## Instructions for the task
There are pictures in the records below; leave them out and set down exactly the lines from the one holding "Breakfast at Sea Flirt" through the one holding "Диван старый коричневый".

[[ Records shown open ]]

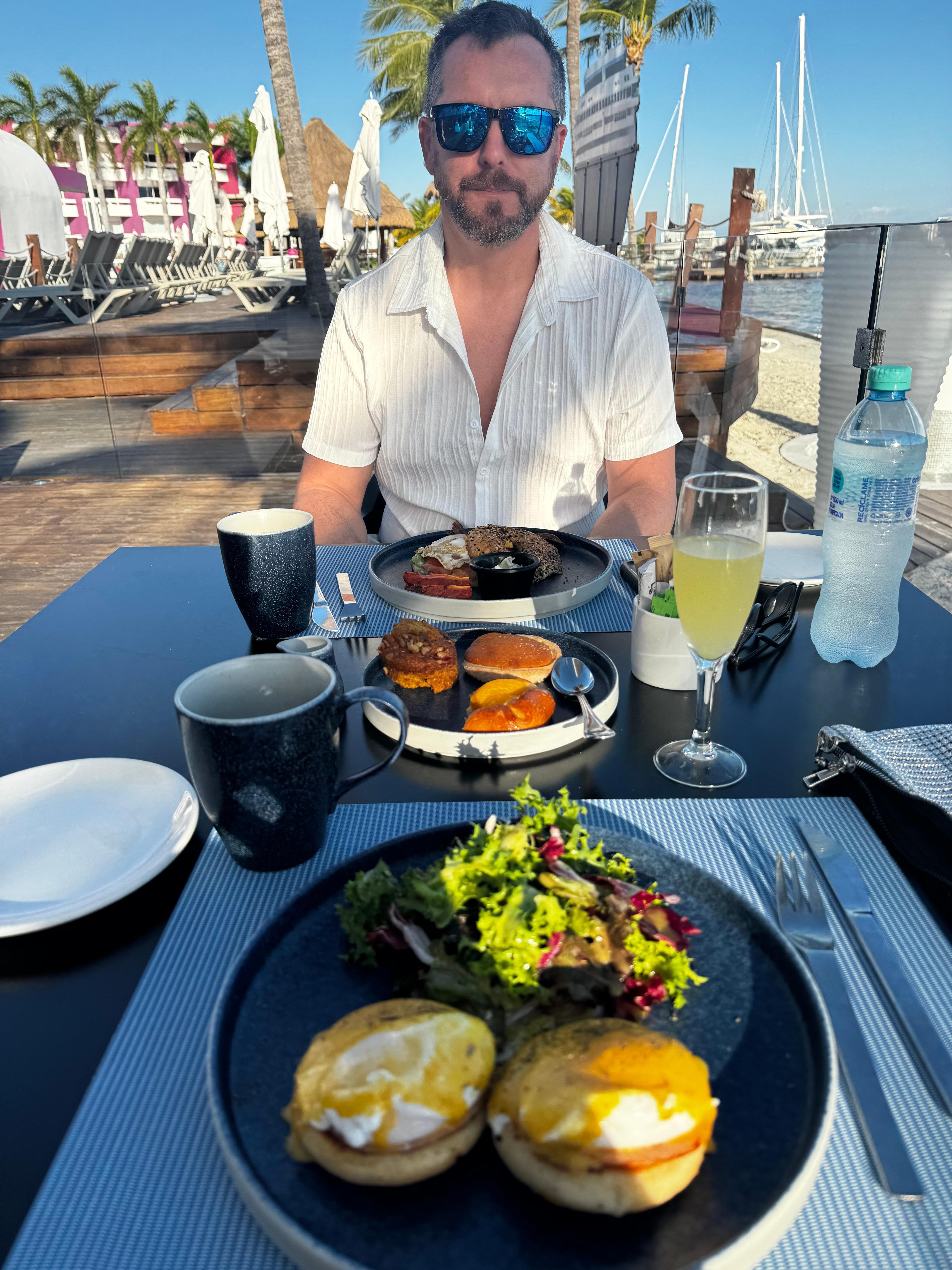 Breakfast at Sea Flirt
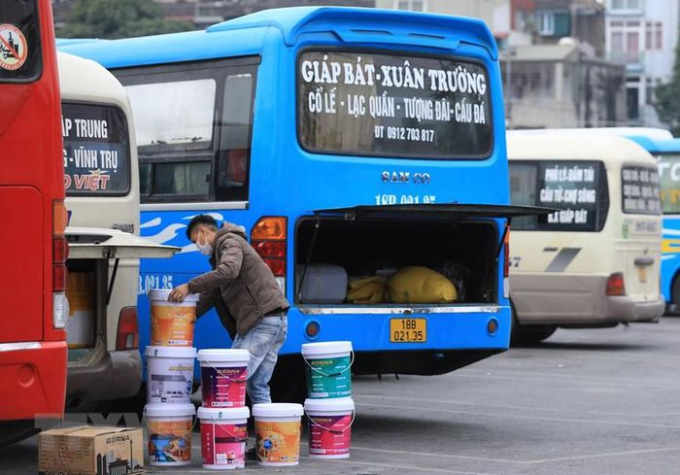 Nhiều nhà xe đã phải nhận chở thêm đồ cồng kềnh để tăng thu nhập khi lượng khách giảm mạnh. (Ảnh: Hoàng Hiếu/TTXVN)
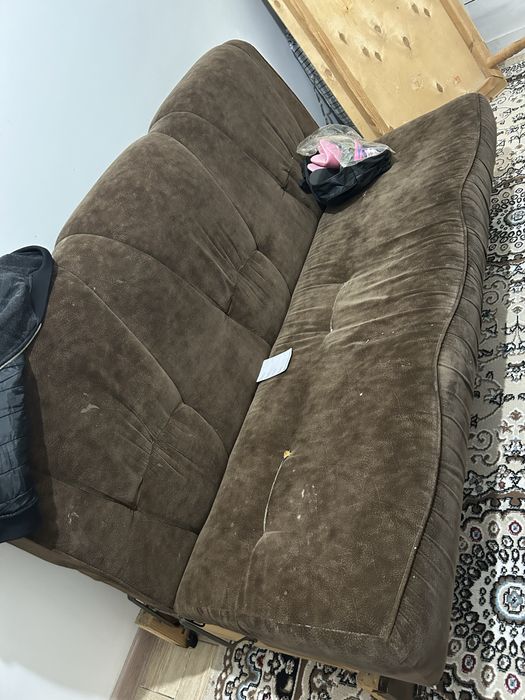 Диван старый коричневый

[[ Records shown closed ]]
[[ Records shown open ]]

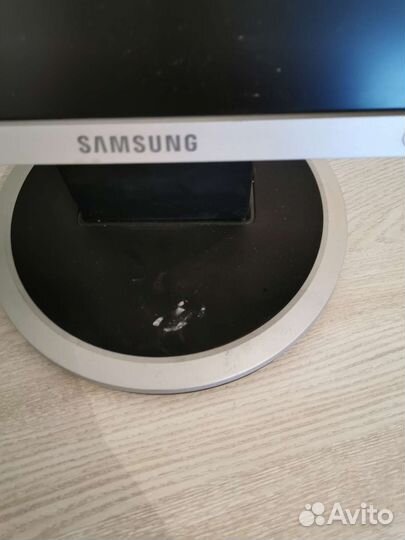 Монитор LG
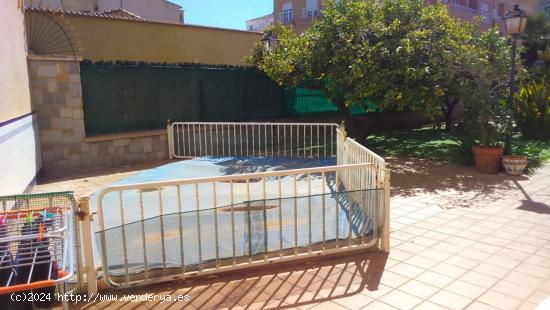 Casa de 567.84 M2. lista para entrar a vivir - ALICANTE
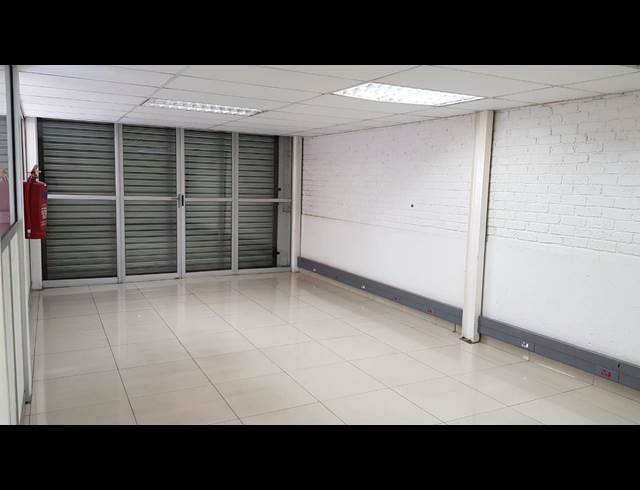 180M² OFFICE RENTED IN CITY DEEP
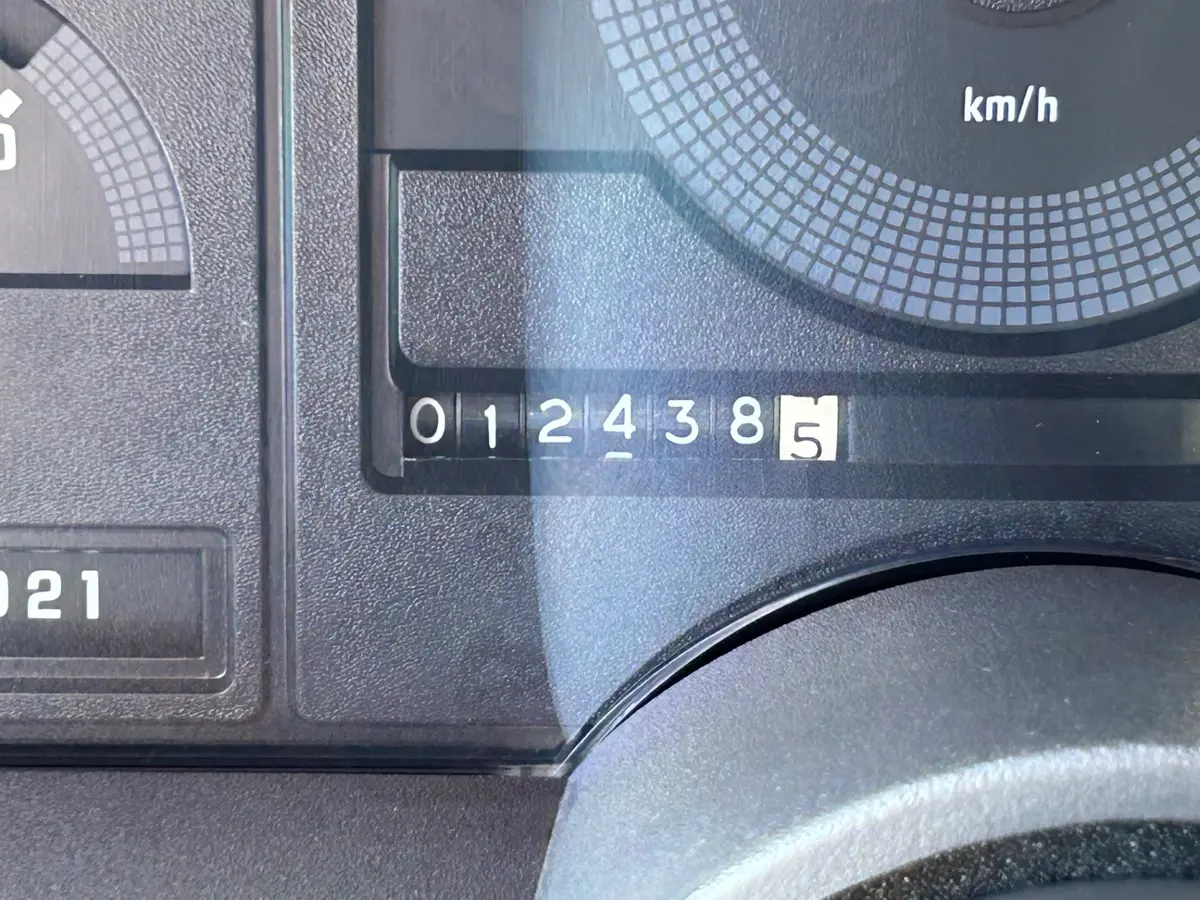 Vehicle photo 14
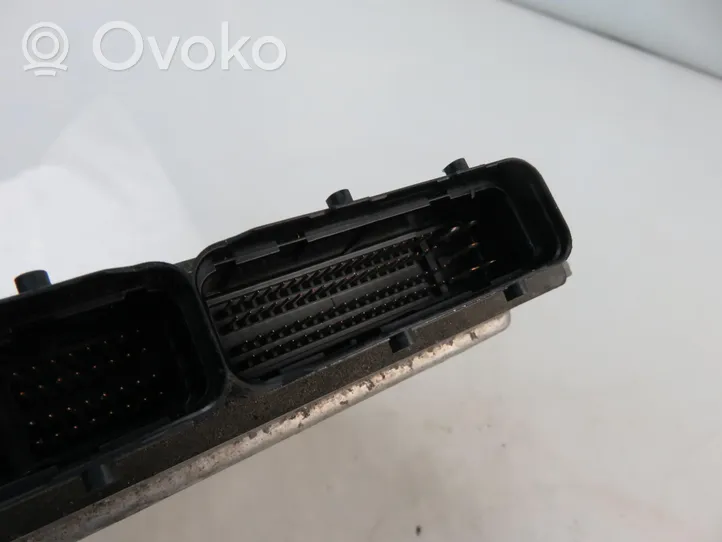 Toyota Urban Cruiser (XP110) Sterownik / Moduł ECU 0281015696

[[ Records shown closed ]]

## Answer section
 Breakfast at Sea Flirt
 Nhiều nhà xe đã phải nhận chở thêm đồ cồng kềnh để tăng thu nhập khi lượng khách giảm mạnh. (Ảnh: Hoàng Hiếu/TTXVN)
 Диван старый коричневый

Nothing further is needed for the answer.